[Saved entries]
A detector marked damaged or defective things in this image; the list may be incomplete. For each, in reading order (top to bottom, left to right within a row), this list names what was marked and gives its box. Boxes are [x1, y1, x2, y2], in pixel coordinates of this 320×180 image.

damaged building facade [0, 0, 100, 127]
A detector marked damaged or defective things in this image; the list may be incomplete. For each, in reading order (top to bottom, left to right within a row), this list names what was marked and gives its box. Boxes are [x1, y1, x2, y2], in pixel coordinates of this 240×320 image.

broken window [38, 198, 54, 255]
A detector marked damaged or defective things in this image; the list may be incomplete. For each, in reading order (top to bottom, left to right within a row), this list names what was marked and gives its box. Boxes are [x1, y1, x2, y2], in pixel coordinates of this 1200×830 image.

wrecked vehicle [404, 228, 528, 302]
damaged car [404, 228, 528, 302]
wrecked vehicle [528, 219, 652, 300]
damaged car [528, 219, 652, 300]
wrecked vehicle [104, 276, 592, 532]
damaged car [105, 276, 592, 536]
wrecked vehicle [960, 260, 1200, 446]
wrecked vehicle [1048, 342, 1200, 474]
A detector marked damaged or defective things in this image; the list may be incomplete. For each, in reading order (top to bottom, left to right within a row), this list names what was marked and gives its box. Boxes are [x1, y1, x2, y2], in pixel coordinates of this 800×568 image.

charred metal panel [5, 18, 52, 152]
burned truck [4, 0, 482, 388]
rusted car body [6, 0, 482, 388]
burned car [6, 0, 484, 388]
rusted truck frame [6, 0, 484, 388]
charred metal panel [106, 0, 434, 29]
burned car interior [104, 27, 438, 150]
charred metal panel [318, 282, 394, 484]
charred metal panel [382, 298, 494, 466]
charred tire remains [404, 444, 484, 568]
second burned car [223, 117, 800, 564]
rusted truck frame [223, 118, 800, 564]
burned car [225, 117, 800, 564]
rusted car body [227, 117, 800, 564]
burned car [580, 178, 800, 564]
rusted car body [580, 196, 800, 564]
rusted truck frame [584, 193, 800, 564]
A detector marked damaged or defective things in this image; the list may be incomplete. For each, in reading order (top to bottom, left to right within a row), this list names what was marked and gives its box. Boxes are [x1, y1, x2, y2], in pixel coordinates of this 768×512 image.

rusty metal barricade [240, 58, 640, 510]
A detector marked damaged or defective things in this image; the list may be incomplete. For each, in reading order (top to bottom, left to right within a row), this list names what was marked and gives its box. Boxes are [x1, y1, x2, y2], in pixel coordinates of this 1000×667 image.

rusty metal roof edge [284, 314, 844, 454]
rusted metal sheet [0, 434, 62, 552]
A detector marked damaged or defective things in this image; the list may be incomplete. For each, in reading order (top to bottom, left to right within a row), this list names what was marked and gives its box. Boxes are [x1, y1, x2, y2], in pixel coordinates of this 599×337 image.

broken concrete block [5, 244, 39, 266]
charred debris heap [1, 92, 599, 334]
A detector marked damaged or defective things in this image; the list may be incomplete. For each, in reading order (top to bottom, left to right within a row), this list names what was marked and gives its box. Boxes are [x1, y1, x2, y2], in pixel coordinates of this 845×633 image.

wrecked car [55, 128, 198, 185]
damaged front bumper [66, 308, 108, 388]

» **What you will do**
Copy every record above out again, word for word.

» **Solution**
A detector marked damaged or defective things in this image; the list may be incomplete. For each, in reading order (top to bottom, left to right within a row), this list names what was marked and gives its box. Boxes are [x1, y1, x2, y2], in pixel coordinates of this 320×180 image.

damaged building facade [0, 0, 100, 127]
A detector marked damaged or defective things in this image; the list may be incomplete. For each, in reading order (top to bottom, left to right within a row), this list names what was marked and gives its box. Boxes are [x1, y1, x2, y2], in pixel coordinates of this 240×320 image.

broken window [38, 198, 54, 255]
A detector marked damaged or defective things in this image; the list may be incomplete. For each, in reading order (top to bottom, left to right within a row), this list names what was marked and gives its box. Boxes are [x1, y1, x2, y2], in pixel coordinates of this 1200×830 image.

wrecked vehicle [404, 228, 528, 302]
damaged car [404, 228, 528, 302]
wrecked vehicle [528, 219, 652, 300]
damaged car [528, 219, 652, 300]
wrecked vehicle [104, 276, 592, 532]
damaged car [105, 276, 592, 536]
wrecked vehicle [960, 260, 1200, 446]
wrecked vehicle [1048, 342, 1200, 474]
A detector marked damaged or defective things in this image; the list may be incomplete. For each, in reading order (top to bottom, left to right within a row), this list names what was marked and gives its box. Boxes are [x1, y1, x2, y2], in pixel coordinates of this 800×568 image.

charred metal panel [5, 18, 52, 152]
burned truck [4, 0, 482, 388]
rusted car body [6, 0, 482, 388]
burned car [6, 0, 484, 388]
rusted truck frame [6, 0, 484, 388]
charred metal panel [106, 0, 434, 29]
burned car interior [104, 27, 438, 150]
charred metal panel [318, 282, 394, 484]
charred metal panel [382, 298, 494, 466]
charred tire remains [404, 444, 484, 568]
second burned car [223, 117, 800, 564]
rusted truck frame [223, 118, 800, 564]
burned car [225, 117, 800, 564]
rusted car body [227, 117, 800, 564]
burned car [580, 178, 800, 564]
rusted car body [580, 196, 800, 564]
rusted truck frame [584, 193, 800, 564]
A detector marked damaged or defective things in this image; the list may be incomplete. For each, in reading order (top to bottom, left to right within a row), this list names what was marked and gives its box. Boxes are [x1, y1, x2, y2], in pixel coordinates of this 768×512 image.

rusty metal barricade [240, 58, 640, 510]
A detector marked damaged or defective things in this image; the list may be incomplete. For each, in reading order (top to bottom, left to right within a row), this list names what was marked and gives its box. Boxes are [x1, y1, x2, y2], in pixel coordinates of this 1000×667 image.

rusty metal roof edge [284, 314, 844, 454]
rusted metal sheet [0, 434, 62, 552]
A detector marked damaged or defective things in this image; the list may be incomplete. For each, in reading order (top to bottom, left to right within a row), this list names what was marked and gives its box. Boxes are [x1, y1, x2, y2], in pixel coordinates of this 599×337 image.

broken concrete block [5, 244, 39, 266]
charred debris heap [1, 92, 599, 334]
A detector marked damaged or defective things in this image; the list may be incomplete. For each, in reading order (top to bottom, left to right within a row), this list names what was marked and gives its box. Boxes are [x1, y1, x2, y2], in pixel coordinates of this 845×633 image.

wrecked car [55, 128, 198, 185]
damaged front bumper [66, 308, 108, 388]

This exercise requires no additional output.